**WORK TO BE COMPLETED**
Omit all images, then repeat exactly the lines below from the one containing "Equipe de pesquisa" through the one containing "Bedsure Cooling Sheets", both ends included.

○ ○ ○

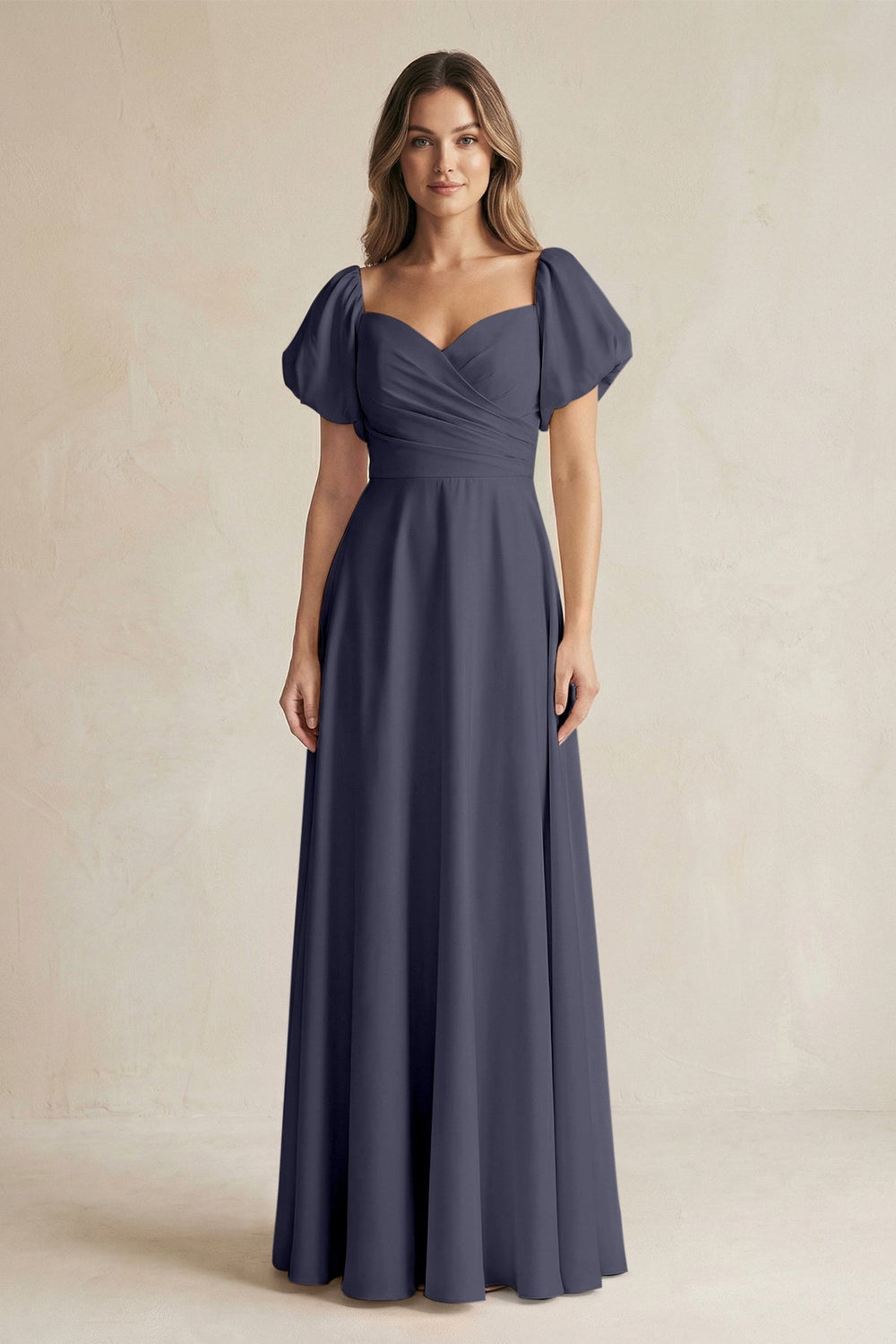 Sweetheart Puff Sleeve A - Line Chiffon Bridesmaid Dress in Dusk Blue - SHE IS ME Bridesmaid Dresses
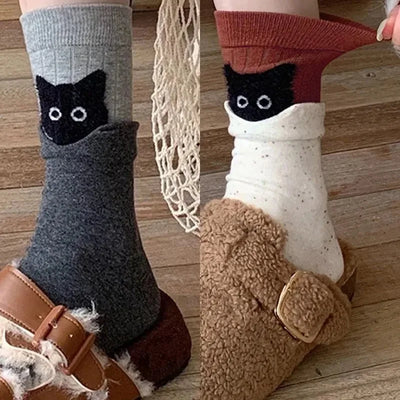Chaussettes Mi-Mollet Chat Kawaii Automne-Hiver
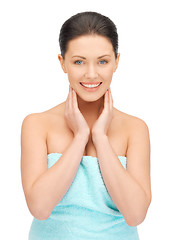 Image showing beautiful woman in towel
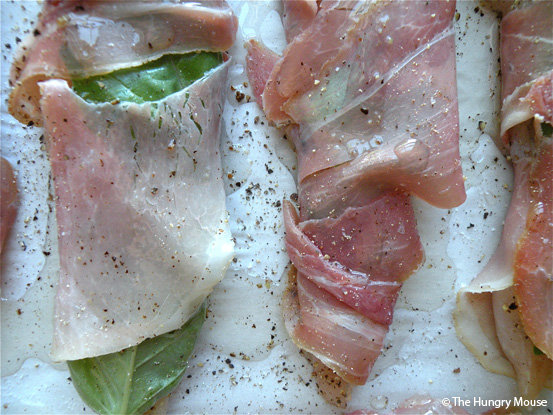 Prosciutto and Basil Wrapped Chicken Fingers at The Hungry Mouse Prosciutto and Basil Wrapped Chicken Fingers at The Hungry Mouse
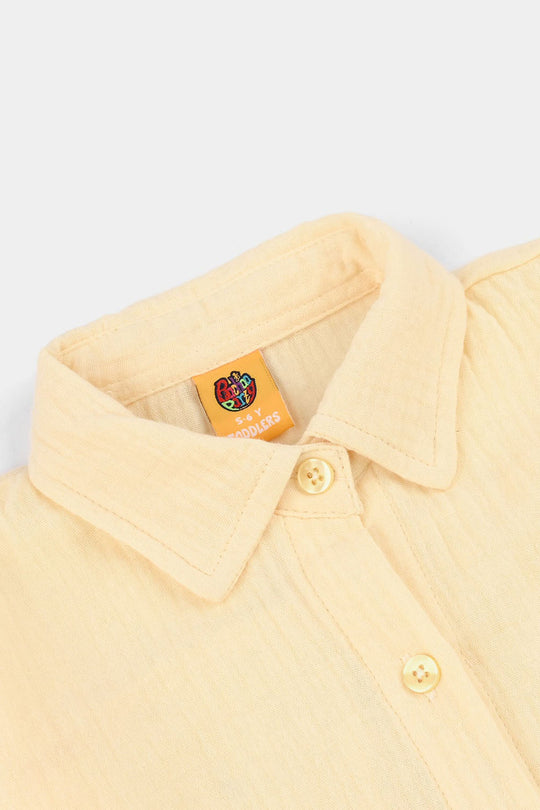Girls Cotton Embroidered Top (Heart) - Yellow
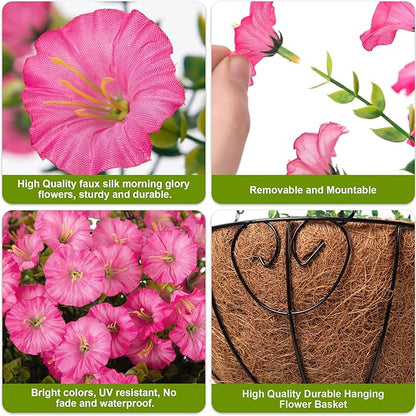 Artificial Faux Hanging Flowers Plants Baskets for Outdoors, Fake Silk Morning Glory in Planter UV Resistant Realistic Artificial Flower for Outside Porch Patio Balcony Garden Yard Home Decor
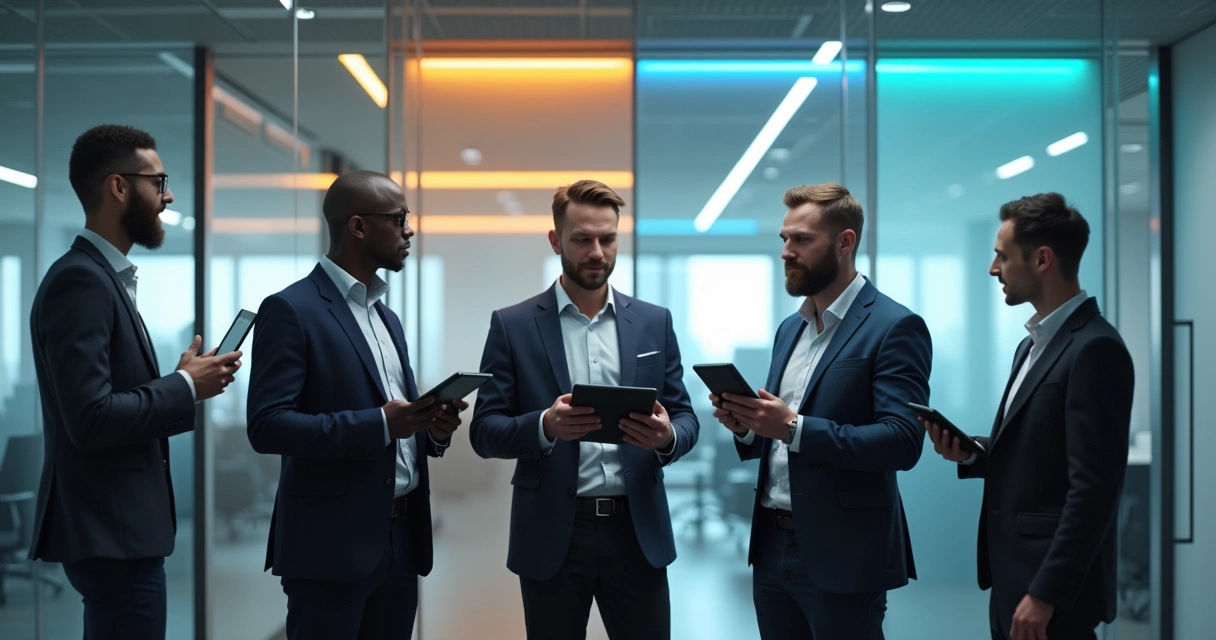 Equipe de pesquisa coletando dados em diferentes setores de uma empresa 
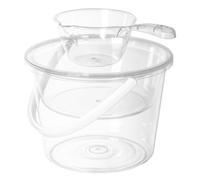 OSOLADY 1 Juego de Cubo de Ducha Transparente - Cubo de baño portátil de plástico Transparente con palangana y cucharón - Lavabo Multiusos para remojo de pies y baño Infantil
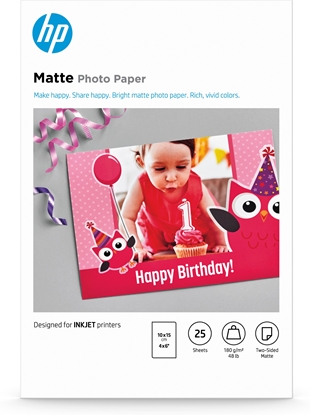 Picture of HP Matte Photo Paper, 180 g/m2, 10 x 15 cm (101 x 152 mm), 25 sheets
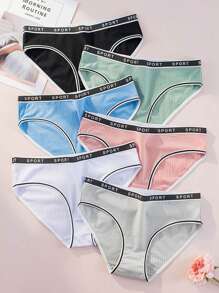 6pack Rib Letter Tape Panty Set - Multicolor - View 3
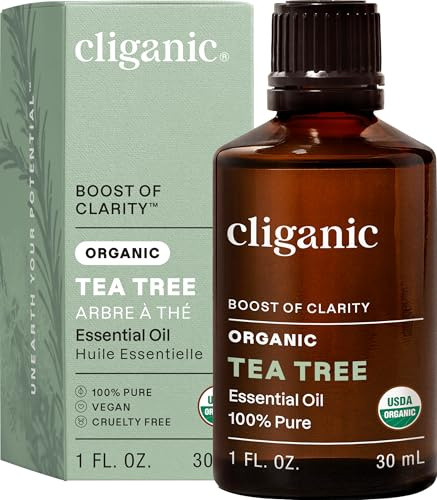 Cliganic Organic Tea Tree Essential Oil, 100% Pure Natural, for Aromatherapy | Non-GMO Verified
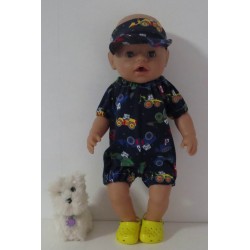 holiday outfitt donker blauw bouw  baby born 43cm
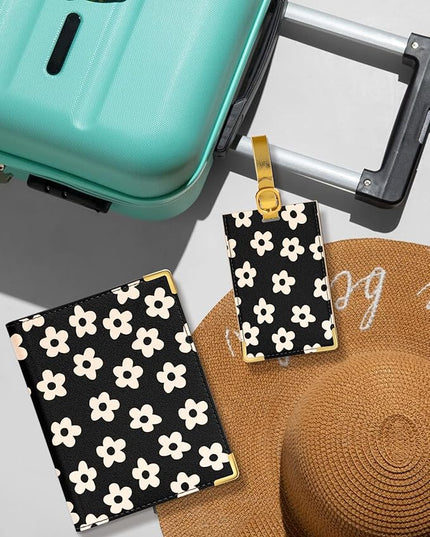 Slohif Passport Holder Lugguage Tag Set Suitcase Cover Wallet Case for Travel Women - Leather Passport Book Personalized Organizer Card Protector Sleeve Essentials Slim Carrier Floral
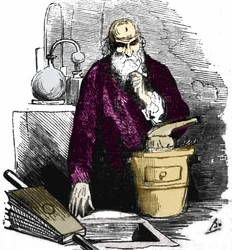 Nicolas Flamel in his laboratory.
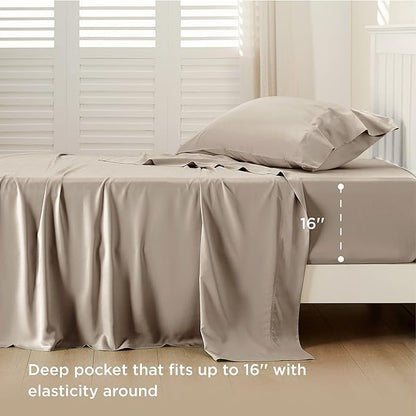 Bedsure Cooling Sheets Twin, Rayon Derived from Bamboo, Breathable & Soft Twin - Image 3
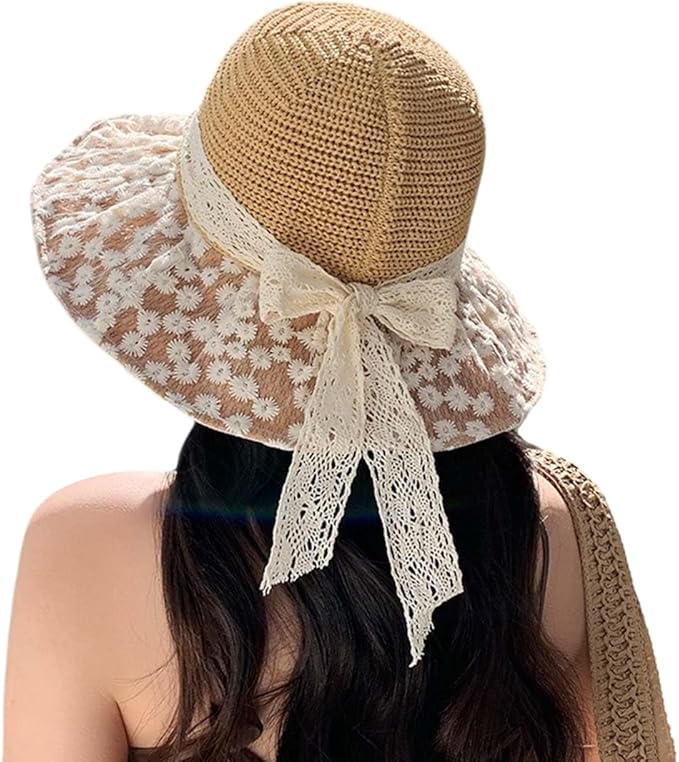 Women's Sun Shade Hat UPF 50+ - Foldable Straw Beach Cap with Lace Bow, Breathable Summer Travel Hat for Women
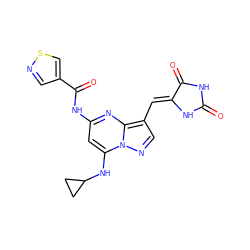 O=C1NC(=O)/C(=C/c2cnn3c(NC4CC4)cc(NC(=O)c4cnsc4)nc23)N1 ZINC000205036527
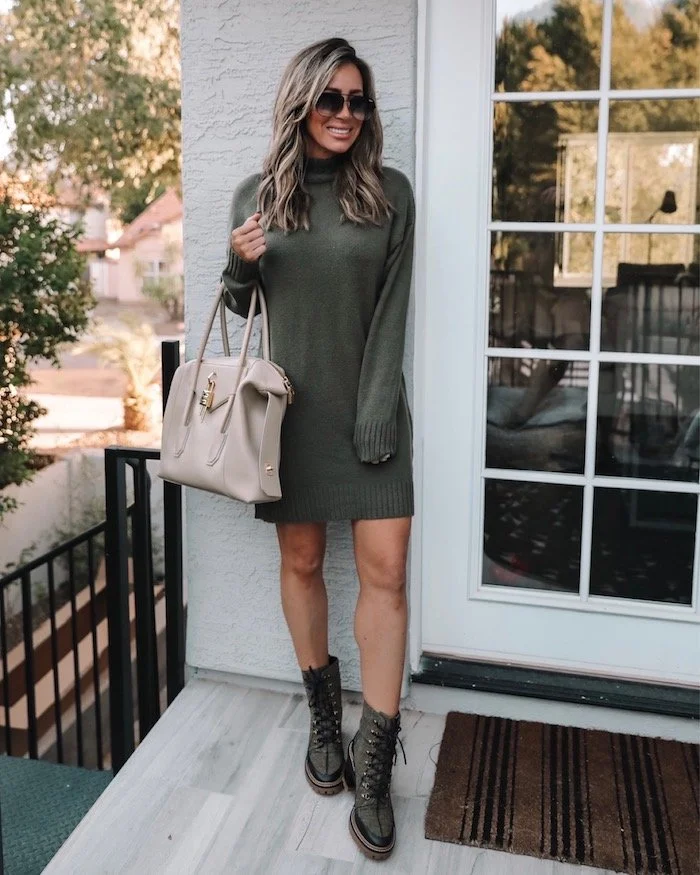 Olive Green Sweater Dress with Green Lace-Up Boots and Beige Tote — Sweater Dress Outfits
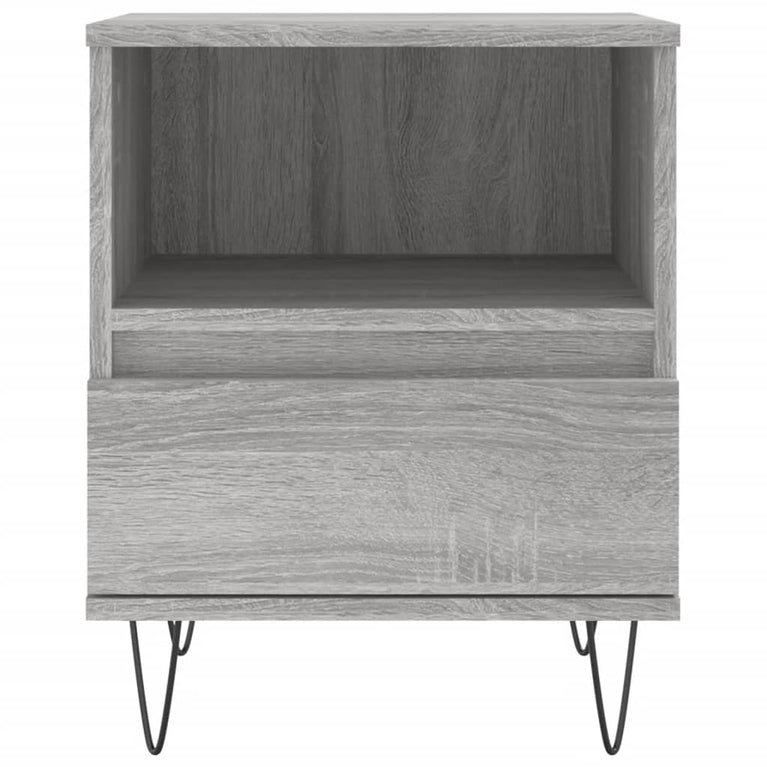 Nachtkastje 40x35x50 cm bewerkt hout grijs sonoma eikenkleurig MeubelReus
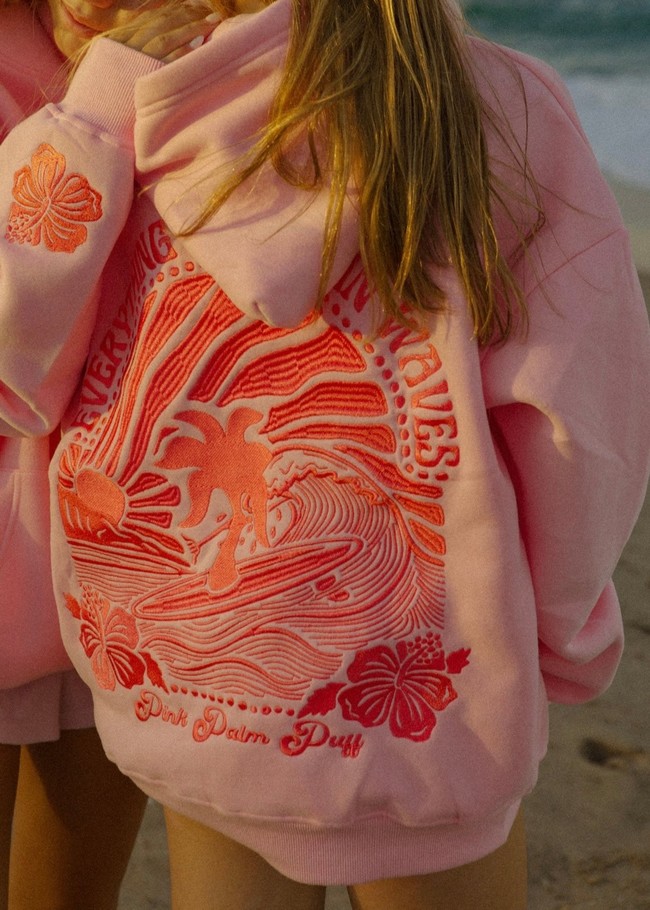 Pink Palm Puff Everything Comes in Waves Hoodie Pink | GZN015879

○ ○ ○

**ANSWER SPACE**
 Equipe de pesquisa coletando dados em diferentes setores de uma empresa 
 OSOLADY 1 Juego de Cubo de Ducha Transparente - Cubo de baño portátil de plástico Transparente con palangana y cucharón - Lavabo Multiusos para remojo de pies y baño Infantil
 Picture of HP Matte Photo Paper, 180 g/m2, 10 x 15 cm (101 x 152 mm), 25 sheets
 6pack Rib Letter Tape Panty Set - Multicolor - View 3
 Cliganic Organic Tea Tree Essential Oil, 100% Pure Natural, for Aromatherapy | Non-GMO Verified
 holiday outfitt donker blauw bouw  baby born 43cm
 Slohif Passport Holder Lugguage Tag Set Suitcase Cover Wallet Case for Travel Women - Leather Passport Book Personalized Organizer Card Protector Sleeve Essentials Slim Carrier Floral
 Nicolas Flamel in his laboratory.
 Bedsure Cooling Sheets Twin, Rayon Derived from Bamboo, Breathable & Soft Twin - Image 3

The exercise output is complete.